United States District Court, W.D. Missouri, Central Division

December 29, 2014

KEVIN DOOLITTLE, Plaintiff,
v.
CAROLYN W. COLVIN, Acting Commissioner of Social Security, Defendant.

ORDER AFFIRMING THE COMMISSIONER'S DECISION

GREG KAYS, Chief District Judge.

This action seeks judicial review of the Commissioner of Social Security's (the "Commissioner") decision denying Plaintiff Kevin Doolittle's applications for disability insurance benefits ("DIB") under Title II of the Social Security Act, 42 U.S.C. §§ 401-434, and supplemental security income ("SSI") under Title XVI of the Act, 42 U.S.C. §§ 1381-1383f.
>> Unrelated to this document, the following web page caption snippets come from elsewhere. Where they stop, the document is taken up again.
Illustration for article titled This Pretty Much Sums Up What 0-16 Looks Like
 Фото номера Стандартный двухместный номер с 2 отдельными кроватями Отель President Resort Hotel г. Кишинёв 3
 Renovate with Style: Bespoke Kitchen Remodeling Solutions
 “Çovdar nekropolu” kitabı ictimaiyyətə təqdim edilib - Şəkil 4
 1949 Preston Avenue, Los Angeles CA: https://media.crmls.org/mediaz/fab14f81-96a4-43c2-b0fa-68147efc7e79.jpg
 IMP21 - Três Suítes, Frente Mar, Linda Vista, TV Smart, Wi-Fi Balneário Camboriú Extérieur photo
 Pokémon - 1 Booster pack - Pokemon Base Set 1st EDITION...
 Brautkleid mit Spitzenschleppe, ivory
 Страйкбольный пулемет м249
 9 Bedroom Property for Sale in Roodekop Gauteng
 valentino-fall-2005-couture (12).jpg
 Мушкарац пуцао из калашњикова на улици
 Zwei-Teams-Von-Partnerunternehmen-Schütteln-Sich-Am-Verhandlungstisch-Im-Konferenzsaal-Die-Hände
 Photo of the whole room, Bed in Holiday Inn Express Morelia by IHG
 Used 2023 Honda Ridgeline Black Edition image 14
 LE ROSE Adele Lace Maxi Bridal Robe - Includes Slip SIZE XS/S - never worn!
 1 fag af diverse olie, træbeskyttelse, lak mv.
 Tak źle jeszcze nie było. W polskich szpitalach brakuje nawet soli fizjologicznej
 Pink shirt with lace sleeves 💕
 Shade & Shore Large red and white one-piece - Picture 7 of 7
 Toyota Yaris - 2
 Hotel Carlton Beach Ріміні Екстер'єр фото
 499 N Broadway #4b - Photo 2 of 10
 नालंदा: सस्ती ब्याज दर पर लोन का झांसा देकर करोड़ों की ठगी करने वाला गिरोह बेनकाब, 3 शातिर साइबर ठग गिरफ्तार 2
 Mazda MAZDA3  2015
The Administrative Law Judge ("ALJ") found Plaintiff had multiple severe impairments, including affective disorder, but he retained the residual functional capacity ("RFC") to perform work as a surveillance systems monitor, touch-up screener for printed circuit board assembly, and final assembler of optical goods.

Because substantial evidence supports the ALJ's decision, the Commissioner's denial of benefits is AFFIRMED.

Factual and Procedural Background

A summary of the entire record is presented in the parties' briefs and is repeated here only to the extent necessary.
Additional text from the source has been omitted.